Yesterday I read a book about boundaries. Why? I had to for one of my upcoming shows. Much to my delight, I started understanding what that bandied-about term meant in relation to me, my family and friends, and my kids. Even my dogs will benefit from my reading the material.
We hear a lot in the media about boundaries. Gotta set boundaries. That’s a boundary violation. I have firm boundaries. I have no boundaries. But what does that really mean? I started thinking about how boundaries are being erased as we groove into a society where personal choice often trumps the rights of others. If my conservative religious beliefs clash with your new age beliefs, what to do? Do we go back to the tried and true boundary, which means no talking about sex, politics or religion at the dinner table?
Where do we draw the line?
I started by looking around. There are all sorts of boundaries in the universe. Violate the boundary of gravity and you are in for a big bump in the head. Violate the boundary of traffic and it’s head-on collision time. Violate the boundary of the alpha dog – as my new puppy found out – and get bit. Boundaries exist in nature – we call them rules or laws or pack order. Boundaries are a good thing because they keep us organized, safe, and we know what the rules are – at least most of us do most of the time.

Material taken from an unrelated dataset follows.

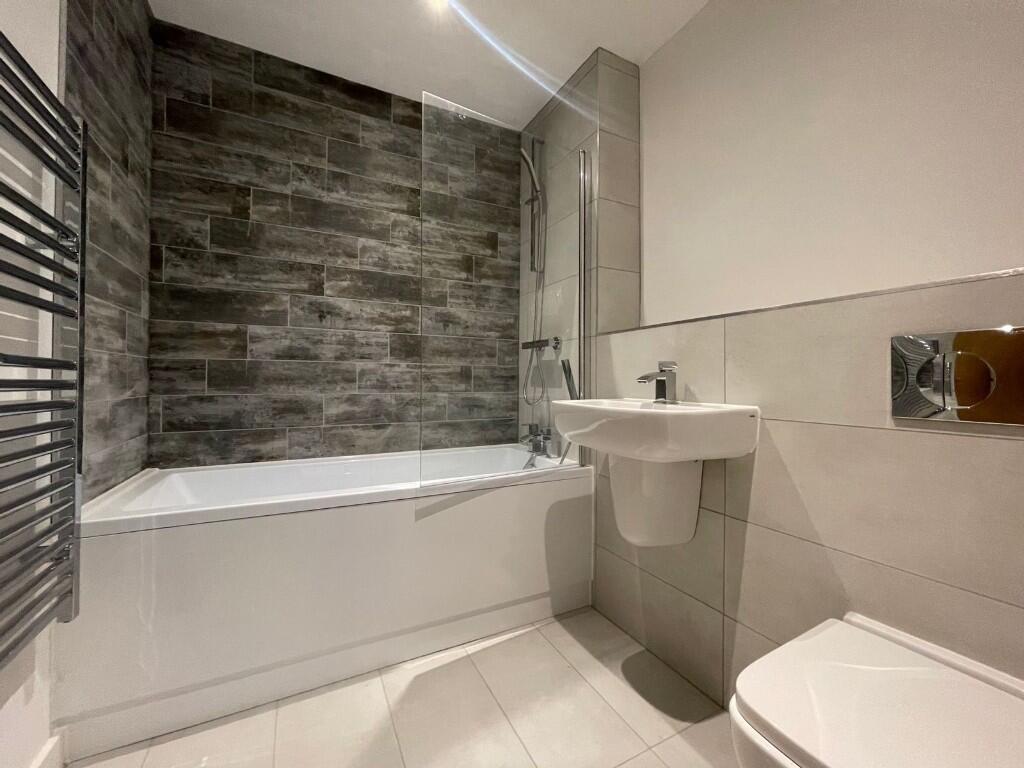 Apartment in Salford, Greater Manchester - More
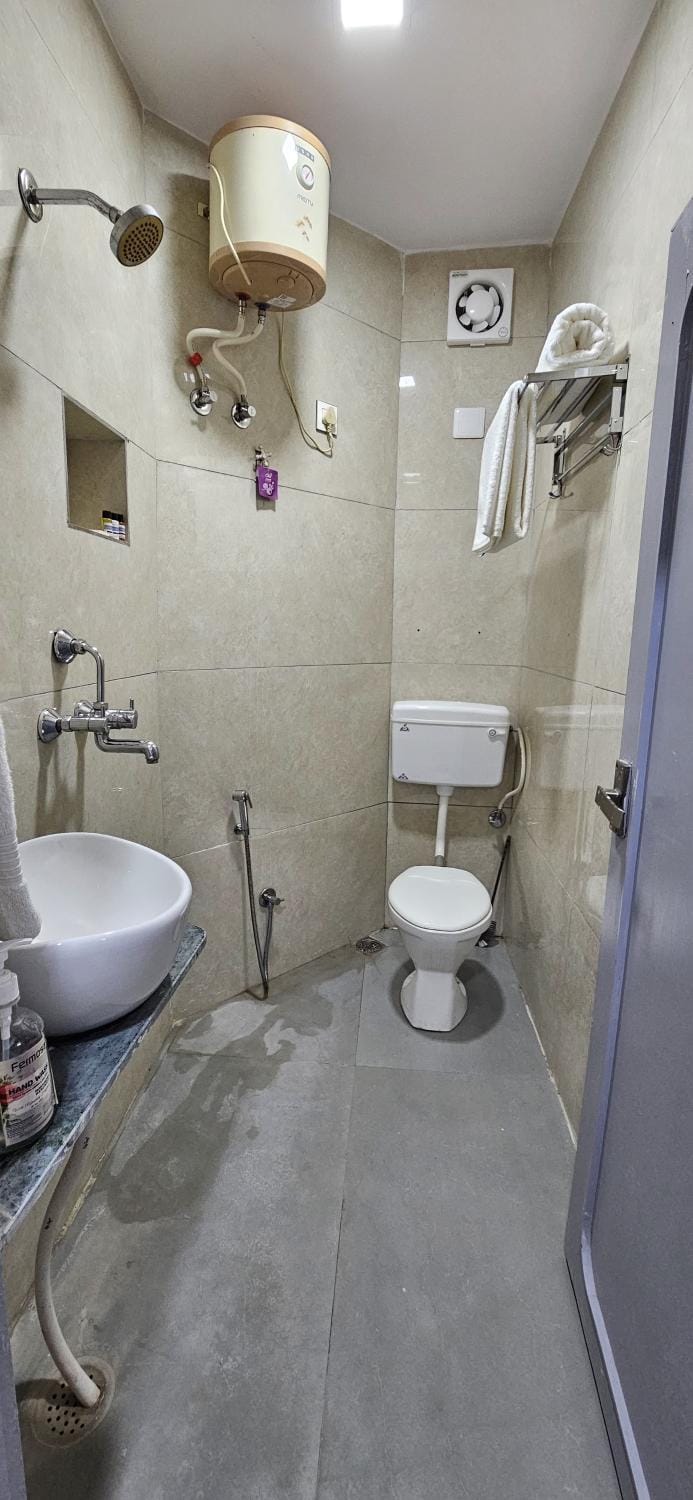 Toilet, Bathroom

I like to think of boundaries in interpersonal relationships as the set of rules that everyone needs to follow in order for me to be safe, happy and healthy. I know that sounds selfish, but with 6 billion people on the planet I’m sure I can find a few people who share the same boundaries as me and we can live harmoniously together. The rest, well, you can’t be friends with everyone.
Boundaries can be both flexible and non-negotiable. I have a few non-negotiable boundaries: don’t lie to me, don’t cheat on me, don’t steal from me, don’t hurt me, don’t take me for granted, and don’t make me feel bad.

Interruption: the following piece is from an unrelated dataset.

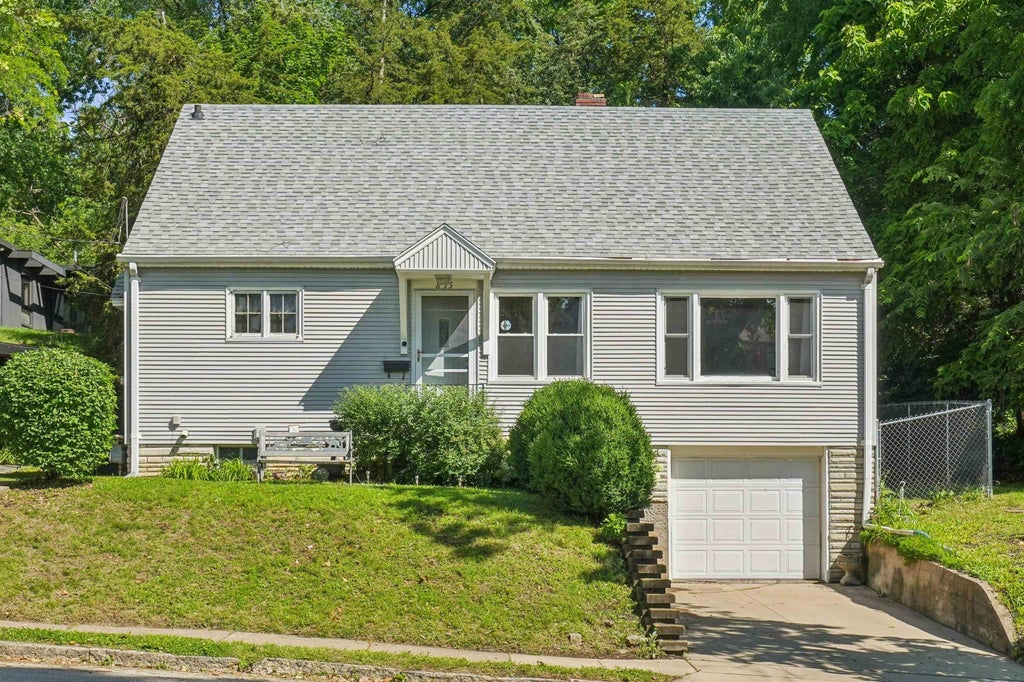 Photo of Dubuque, IA 52001 (MLS # 155127)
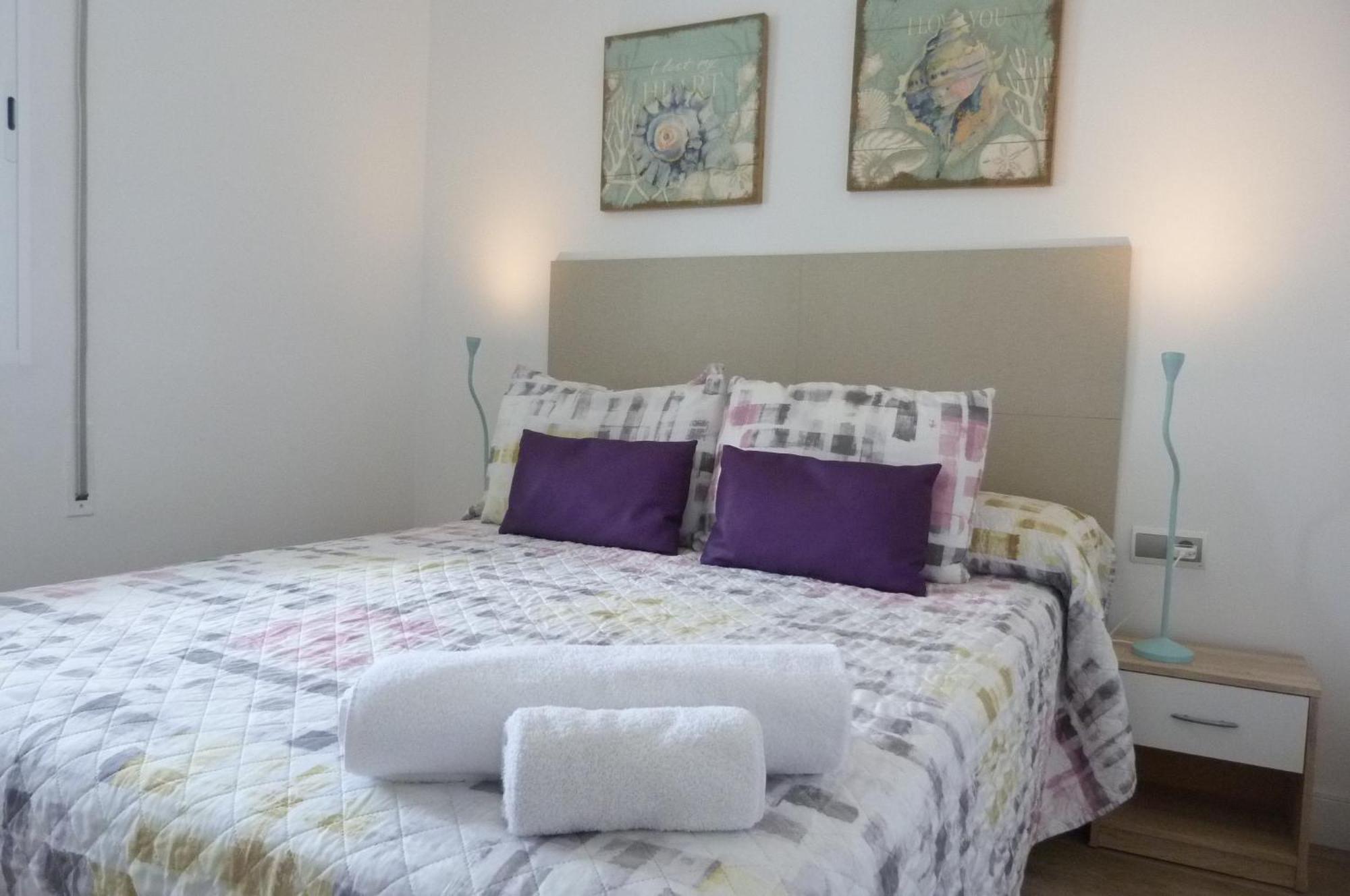 Delux Apartament Салоу Екстериор снимка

What??? I know that last one flies in the face of the trite “No one can make you feel bad but yourself.” That may be true to someone somewhere, but people can hurt me, hurt my feelings, take my toys, and be mean to my kids. In all of those scenarios, I feel bad. I don’t wallow in it. It still affects me. So one of my boundaries is that people who “make me feel bad” have to go or I will go away. It’s that simple. And those rules apply to friends, family, co-workers and neighbors. There is no rule that says we have to spend our time with people who bring us down.
I have other boundaries that are flexible. You don’t get to come into my home and meet my family unless you have proven to me that you are honorable, trustworthy, and emotionally safe and not a threat to our happy household. Hmmm… Is there a test? What does that mean to the individual new person I meet – well, that’s up to me. It’s my choice because it is my life.

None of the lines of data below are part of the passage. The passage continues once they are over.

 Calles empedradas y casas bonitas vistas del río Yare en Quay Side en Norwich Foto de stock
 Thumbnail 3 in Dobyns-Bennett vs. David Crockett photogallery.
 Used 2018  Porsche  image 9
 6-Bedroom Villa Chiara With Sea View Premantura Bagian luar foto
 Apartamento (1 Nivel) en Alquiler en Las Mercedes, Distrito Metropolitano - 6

I know you are probably thinking that I am pretty full of myself. My my my! Maybe I am, but it’s only because after 40+years of walking this planet, I have followed everyone else’s boundaries – paying taxes, volunteering, being kind and considerate and helpful to others – without really thinking about what boundaries are for me. I have let people walk all over me. I have let people steal from me. I have let people cheat on me. I have stayed in a marriage with a person who hurt me out of misplaced loyalty.
When I got my divorce, I started to get a clue. I don’t have to be all things to all people. I don’t have to have everyone like me. I don’t have to be all-living and all-nurturing and all-compassionate and all-understanding because that means I am giving myself the short end of the stick. The one person I need to be all-nurturing, all-compassionate and all-understanding to is… me… and I go first.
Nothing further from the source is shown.